A template parameter T can be deduced as a reference type only if it appears in a function parameter of the form T&&
A function template of the form:
template<class T> void f(T x) will deduce T as an object type (and x is an object type so is passed by value)
template<class T> void f(T& x) will deduce T as an object type (and then x has lvalue reference type)
template<class T> void f(T&& x) will deduce T as
either an lvalue reference (so x has lvalue reference type due to reference collapsing rules)
or as an object type (so x has rvalue reference type)
How come in the perfect forwarding function, T turns into a T& or T&&, [...]
This is wrong.

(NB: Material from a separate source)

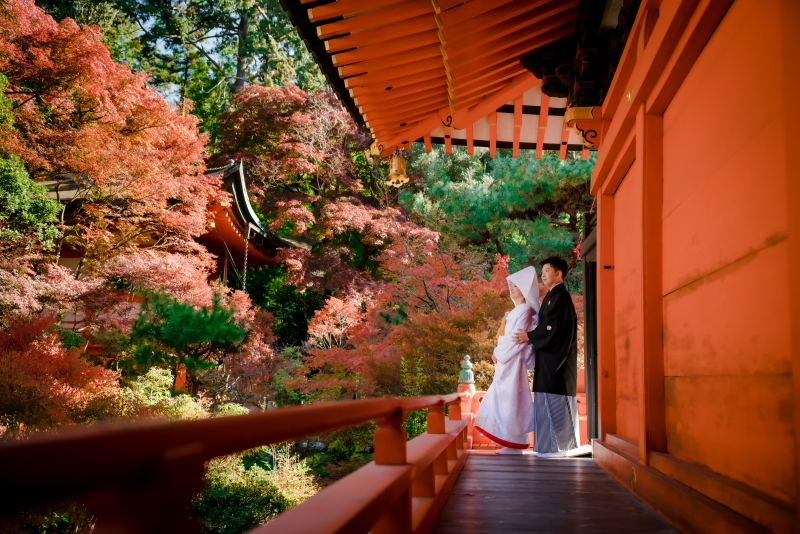 赤や朱色に囲まれて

T becomes a reference type L& or an object type R, not a reference R&&.
The function parameter of the form T&& thus becomes
either L& (because adding an rvalue reference to an lvalue reference is still an lvalue reference, just like add_rvalue_reference<L&>::type is still L&)
or it becomes R&& (because add_rvalue_reference<R>::type is R&&)

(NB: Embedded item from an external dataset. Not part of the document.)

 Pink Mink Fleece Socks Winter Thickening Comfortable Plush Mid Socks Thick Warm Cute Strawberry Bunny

This is because of the way type deduction is defined, and it is only related to perfect forwarding in the sense that the result of std::forward<>() is an rvalue if an rvalue reference is passed, and an lvalue if an lvalue reference is passed.
But in general, when you do not have a reference to begin with, your T is not going to be deduced as a reference type (i.e. as A&, whatever A could be). If that was the case, as Yakk correctly points out in the comments, it would be impossible to write a function template that takes its arguments by value.

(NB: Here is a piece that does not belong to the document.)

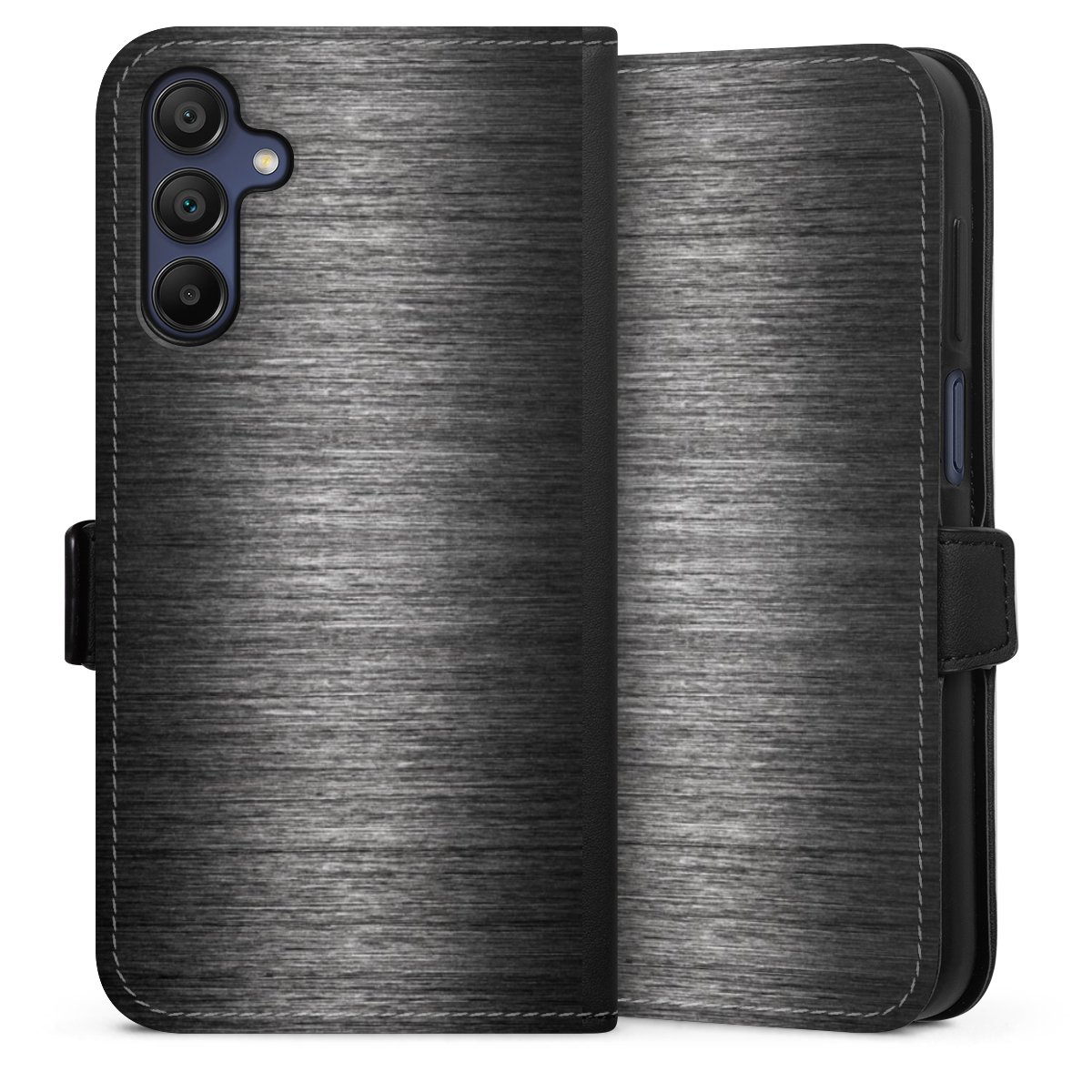 Galaxy A15 5G Handy Klapphülle Handyhülle aus Kunst Leder schwarz Flip Case Metallic Look Anthracite Metal Sideflip mit Lasche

In particular, the reference collapsing rule you are referring to is defined in Paragraph 14.8.2.1/4 of the C++11 Standard:
If P is a
reference type, the type referred to by P is used for type deduction. If P is an rvalue reference to a cv-unqualified
template parameter and the argument is an lvalue, the type “lvalue reference to A” is used in
place of A for type deduction. [ Example:
template <class T> int f(T&&);
template <class T> int g(const T&&);
int i;
int n1 = f(i); // calls f<int&>(int&)
int n2 = f(0); // calls f<int>(int&&)
int n3 = g(i); // error: would call g<int>(const int&&), which
// would bind an rvalue reference to an lvalue
—end example ]
There are three general cases to consider when deducing template parameters like this.
void foo(T x): this means "pass-by-value". It always deduces a type as appropriate to pass by value.
void foo(T& x): this means "pass-by-lvalue-reference". It always deduces a type as appropriate to pass by lvalue reference.
void foo(T&& x): this means "pass-by-reference". It always deduces a type as appropriate to pass by reference, which may be an lvalue reference or an rvalue reference.
Relax, slow down, and breathe.
Template argument deduction is the central mechanism that you need to understand, and it's not totally trivial. When you say template <typename T> void foo(T), then T is always deduced as a non-reference type.
If you want a reference, you have to put a & on it: template <typename T> void foo(T&) will also deduce T as a non-reference-type, but foo now always expects an lvalue reference.
The final piece of magic comes from the new reference collapsing rules. When you say template <typename T> void foo(T&&), then two things can happen:
You call foo with an rvalue, e.g. foo(Bar()). Then T is deduced as Bar, and foo takes an rvalue reference to Bar, i.e. a Bar&&.
You call foo with an lvalue, e.g. Bar x; foo(x);. Now the only thing foo can take is an lvalue reference. This requires T to be deduced as Bar&, since T&& == Bar& && == Bar&, due to the collapsing rules.
Only this final template is able to accept both lvalues and rvalues. This is why it is sometimes called "universal reference"; but remember that it's not the reference that matters, but the template argument deduction. Using std::forward<T> allows you to pass on the argument with the same value category that you received.